7. Exercise of Rights; Exercise Price; Expiration Date of Rights.
(a) Subject to Sections 7(e), 23(b) and 24(b) hereof, the registered holder of
any Rights Certificate may exercise the Rights evidenced thereby (except as
otherwise provided herein) in whole or in part at any time after the
Distribution Date and prior to the Close of Business on the Expiration Date by
surrender of the Rights Certificate, with the form of election to purchase on
the reverse side thereof duly executed, to the Rights Agent at the principal
office of the Rights Agent, together with payment of the Exercise Price for each
one-thousandth of a Preferred Share (or, following a Triggering Event, other
securities, cash or other assets as the case may be) as to which the Rights are
exercised.
(b) The Exercise Price for each one-thousandth of a Preferred Share issuable
pursuant to the exercise of a Right shall initially be Thirty Dollars ($30. 00),
shall be subject to adjustment from time to time as provided in Sections 11 and
13 hereof and shall be payable in lawful money of the United States of America
in accordance with paragraph (c) below.
(c) Upon receipt of a Rights Certificate representing exercisable Rights, with
the form of election to purchase duly executed, accompanied by payment of the
Exercise Price for the number of one-thousandths of a Preferred Share (or,
following a Triggering Event, other securities, cash or other assets as the case
may be) to be purchased and an amount equal to any applicable transfer tax
required to be paid by the holder of such Rights Certificate in accordance with
Section 9(e) hereof, the Rights Agent shall, subject to Section 20(k) hereof,
thereupon promptly (i) (A) requisition from any transfer agent of the Preferred
Shares (or make available, if the Rights Agent is the transfer agent for the
Preferred Shares) a certificate or certificates for the number of
one-thousandths of a Preferred Share (or, following a Triggering Event, other
securities, cash or other assets as the case may be) to be purchased and the
Company hereby irrevocably authorizes its transfer agent to comply with all such
requests or (B) if the Company shall have elected to deposit the total number of
one-thousandths of a Preferred Share (or, following a Triggering Event, other
securities, cash or other assets as the case may be) issuable upon exercise of
the Rights hereunder with a depositary agent, requisition from the depositary
agent depositary receipts representing such number of one-thousandths of a
Preferred Share (or, following a Triggering Event, other securities, cash or
other assets as the case may be) as are to be purchased (in which case
certificates for the Preferred Shares (or, following a Triggering Event, other
securities, cash or other assets as the case may be) represented by such
receipts shall be deposited by the transfer agent with the depositary agent) and
the Company hereby directs the depositary agent to comply with such request,
(ii) when appropriate, requisition from the Company the amount of cash to be
paid in lieu of issuance of fractional shares in accordance with Section 14
hereof, (iii) after receipt of such certificates or depositary receipts, cause
the same to be delivered to or upon the order of the registered holder of such
Rights Certificate, registered in such name or names as may be designated by
such holder and (iv) when appropriate, after receipt thereof, deliver such cash
to or upon the order of the registered holder of such Rights Certificate. The
payment of the Exercise Price (as such amount may be reduced (including to zero)

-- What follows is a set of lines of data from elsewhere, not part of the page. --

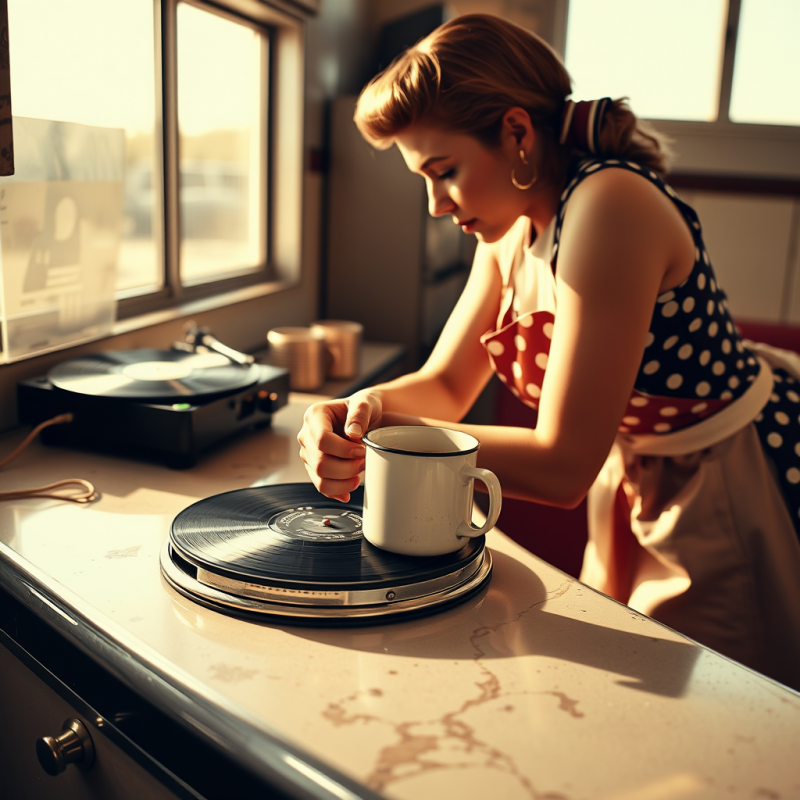 Woman in a Polka-dot Dress Pours Coffee from a Mug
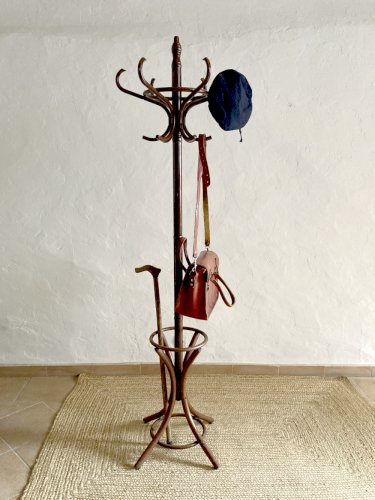 Porte manteau perroquet en bois courbé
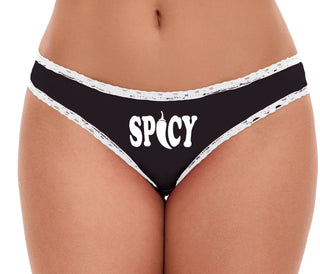 Spicy - Cute Pepper Logo - Black Bikini White Lace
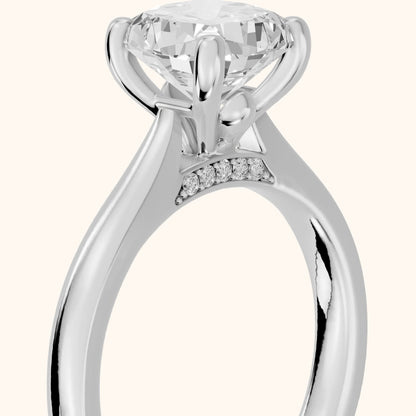 Sofia Cathedral Cushion Diamond Engagement Ring in Silver - slant-view.webp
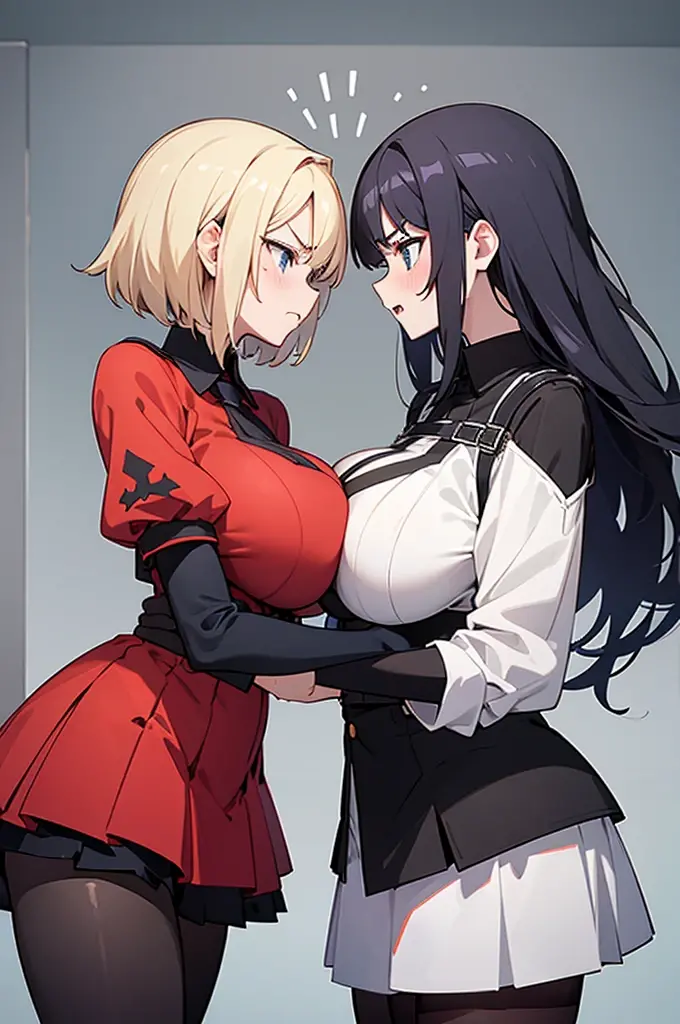 two girls with big boobs pressing their boobs against each other, short skirt with black pantyhose, angry at each other, facing each other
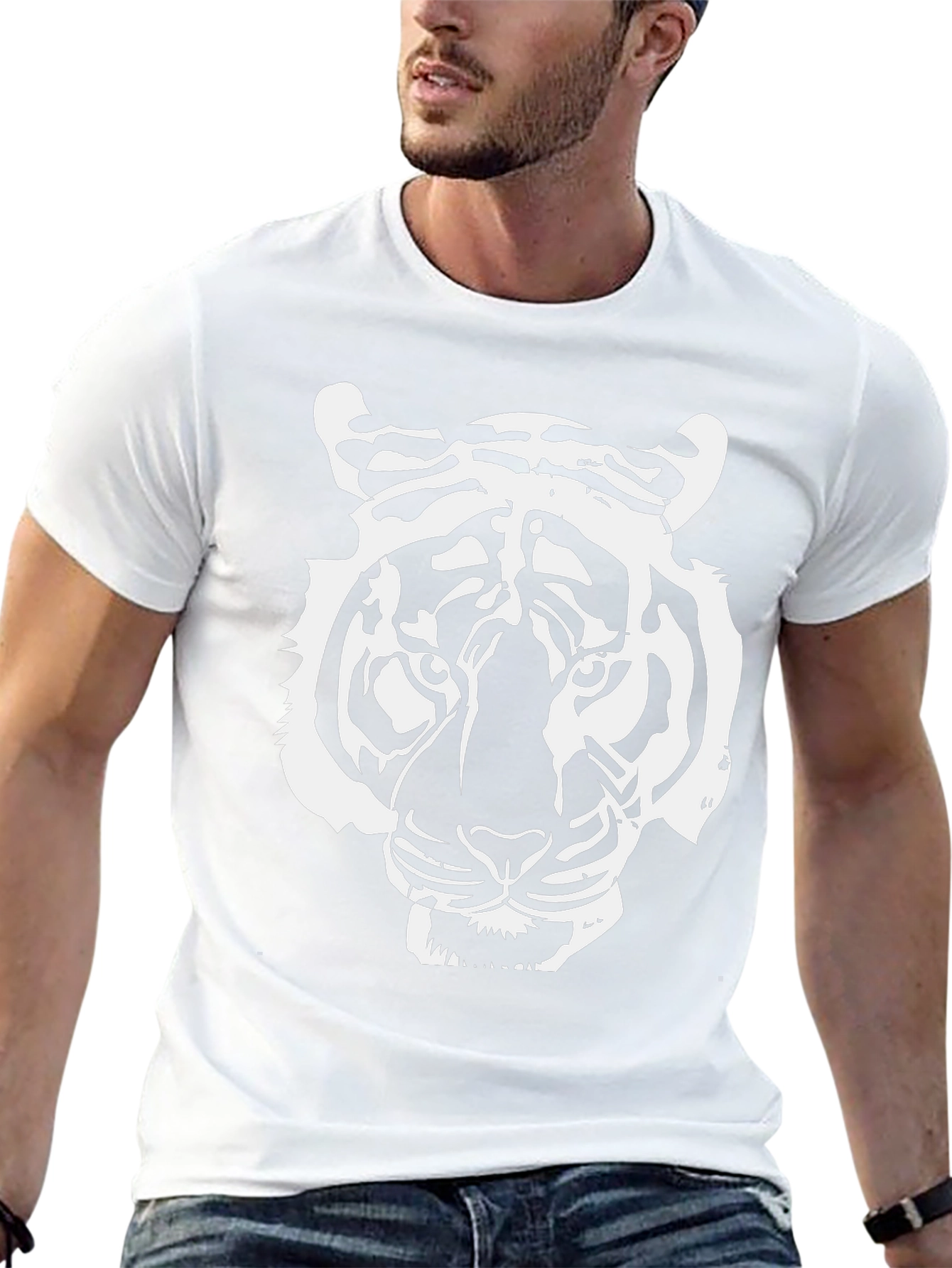 Black Bold Tiger Graphic Tee - Black Cotton T-Shirt view 13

pursuant to Section 11(a)(iii) hereof) and an amount equal to any applicable
transfer tax required to be paid by the holder of such Rights Certificate in
accordance with Section 9(e) hereof, may be made in cash or by certified bank
check, cashier's check or bank draft payable to the order of the Company. In the
event that the Company is obligated to issue securities of the Company other
than Preferred Shares, pay cash and/or distribute other property pursuant to
Section 11(a) hereof, the Company will make all arrangements necessary so that
such other securities, cash and/or other property are available for distribution
by the Rights Agent, if and when appropriate.
(d) In case the registered holder of any Rights Certificate shall exercise less
than all the Rights evidenced thereby, a new Rights Certificate evidencing
Rights equivalent to the Rights remaining unexercised shall be issued by the
Rights Agent to the registered holder of such Rights Certificate or to his or
her duly authorized assigns, subject to the provisions of Section 14 hereof.
(e) Notwithstanding anything in this Agreement to the contrary, from and after
the first occurrence of a Triggering Event, any Rights beneficially owned by (i)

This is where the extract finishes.